▸ Exercise prompt
Reproduce from the records below, with no pictures, exactly the lines between the one containing "Konica Minolta Bizhub C220 C280 Konica" and the one containing "ABRACS Hole Saw Arbor", inclusive.

▸ Record set
++++++++
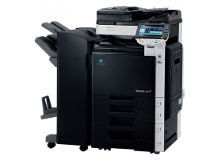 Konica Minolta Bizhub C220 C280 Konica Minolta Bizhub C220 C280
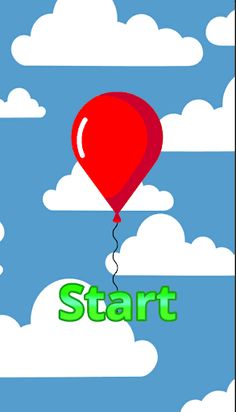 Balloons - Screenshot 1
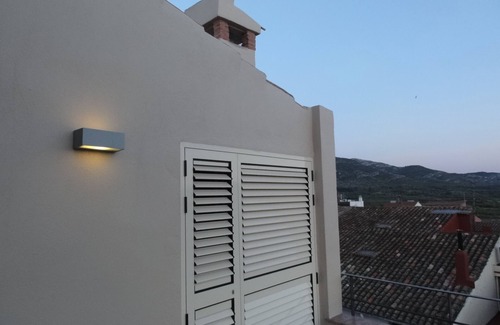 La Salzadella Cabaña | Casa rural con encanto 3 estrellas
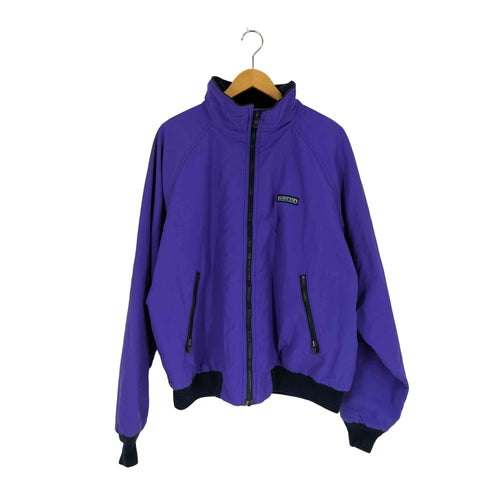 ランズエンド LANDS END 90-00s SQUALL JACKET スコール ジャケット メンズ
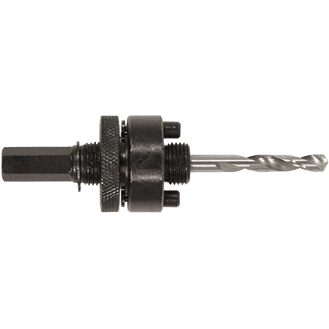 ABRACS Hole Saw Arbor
++++++++
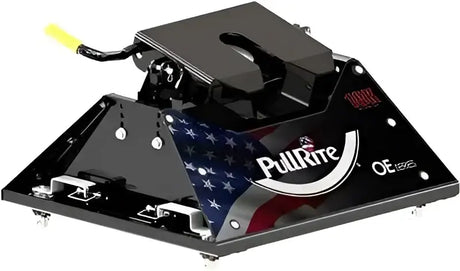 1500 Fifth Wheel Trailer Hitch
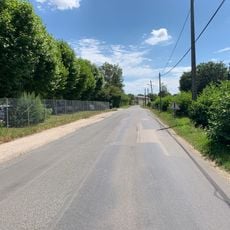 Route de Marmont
++++++++
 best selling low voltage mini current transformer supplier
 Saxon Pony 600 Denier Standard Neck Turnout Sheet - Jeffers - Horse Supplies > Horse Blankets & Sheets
++++++++
▸ Problem solution
 Konica Minolta Bizhub C220 C280 Konica Minolta Bizhub C220 C280
 Balloons - Screenshot 1
 La Salzadella Cabaña | Casa rural con encanto 3 estrellas
 ランズエンド LANDS END 90-00s SQUALL JACKET スコール ジャケット メンズ
 ABRACS Hole Saw Arbor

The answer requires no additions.